According to data from the National Assembly’s approved budget, Nigeria started the year with a planned expenditure of N28.7 trillion against an expected revenue of N19.5 trillion, setting an initial deficit forecast of N9.1 trillion, or 3.8% of GDP. However, fiscal pressures have grown significantly, with a supplementary budget of N6.2 trillion introduced later in the year, further widening the gap.
Underwhelming Revenue Collection
MPC member Aloysius Uche Ordu attributed much of the deficit increase to revenue collection challenges. By mid-2024, Nigeria had achieved only 37.9% of its revenue target, with Federation Accounts Allocation Committee (FAAC) receipts falling short. While there was a 33.31% improvement in retained revenue from January to June compared to the same period in 2023, it still left a substantial 62.1% gap from the 2024 revenue target, underscoring the nation’s fiscal difficulties.
Another MPC member, Lamido Yuguda, emphasized the consequences of Nigeria’s low revenue base on its fiscal performance. Provisional figures indicate that by June, the deficit had already reached 91.94% of the full-year target, raising questions about the government’s ability to finance the remaining budget without further expanding the deficit.
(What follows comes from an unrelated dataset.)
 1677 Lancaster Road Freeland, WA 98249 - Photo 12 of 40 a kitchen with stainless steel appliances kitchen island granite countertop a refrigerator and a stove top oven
Spending Imbalance and Debt Burden
Ordu highlighted that Nigeria’s spending is heavily skewed toward recurrent expenditures, especially debt servicing, leaving capital expenditures — critical for growth — severely underfunded. This imbalance limits the country’s ability to invest in infrastructure and other development projects that could drive long-term economic progress. Despite these spending issues, there appears to be little effort to redirect resources from recurrent needs to capital projects, further deepening the fiscal strain.
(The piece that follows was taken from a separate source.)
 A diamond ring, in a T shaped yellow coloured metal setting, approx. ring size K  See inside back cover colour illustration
MPC member Muhammad Sani Abdullahi stressed the importance of fiscal prudence to stabilize Nigeria’s economy. While the deficit has reached 7.6% of GDP, Abdullahi noted that measures to boost revenue and control spending could help contain the situation. He also mentioned that the government’s current restraint from utilizing the Central Bank’s Ways & Means financing has helped maintain some fiscal discipline, although there are concerns about how long this approach can be sustained given the revenue shortfalls and rising obligations.
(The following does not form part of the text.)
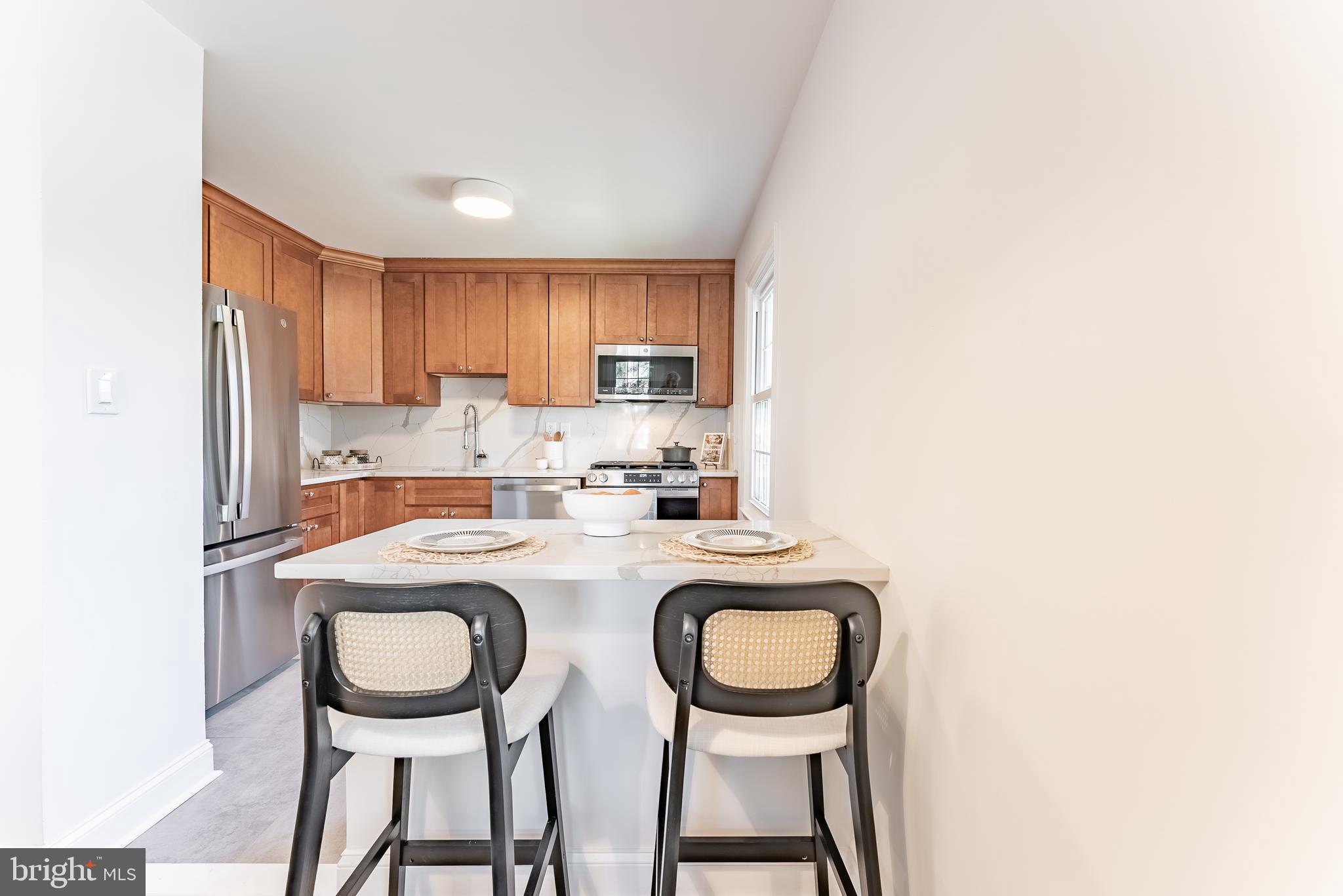 5480 Lighthouse Lane Burke, VA 22015 - Photo 3 of 36 Open kitchen with brand new quartz countertops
External Sector Resilience
While Nigeria’s fiscal situation remains challenging, developments in the external sector offer some relief. The CBN’s tight monetary policy has contributed to a decline in import bills, resulting in a balance of payments surplus of $2.47 billion for the period. External reserves also grew to $37.44 billion in September 2024, providing over seven months of import cover, and have since increased to $40 billion as of November. This bolstered reserve position has strengthened the naira, which appreciated slightly due to reduced import demand and higher reserves.
Policy Implications
Nigeria’s rising fiscal deficit underscores a fundamental issue within its financial framework, driven largely by unpredictable revenue and expenditure mismanagement. While the external sector remains relatively stable, the domestic fiscal situation continues to pose risks. The MPC’s tight monetary policy has mitigated some external vulnerabilities, but without increased revenue and spending discipline, ongoing fiscal deficits could undermine these efforts and destabilize the economy further.
As Nigeria navigates this challenging fiscal landscape, the government faces mounting pressure to adopt more effective measures to boost revenue generation and exercise financial restraint. The balance between supporting economic growth and maintaining fiscal stability will be crucial in the coming months as policymakers work to secure Nigeria’s economic future.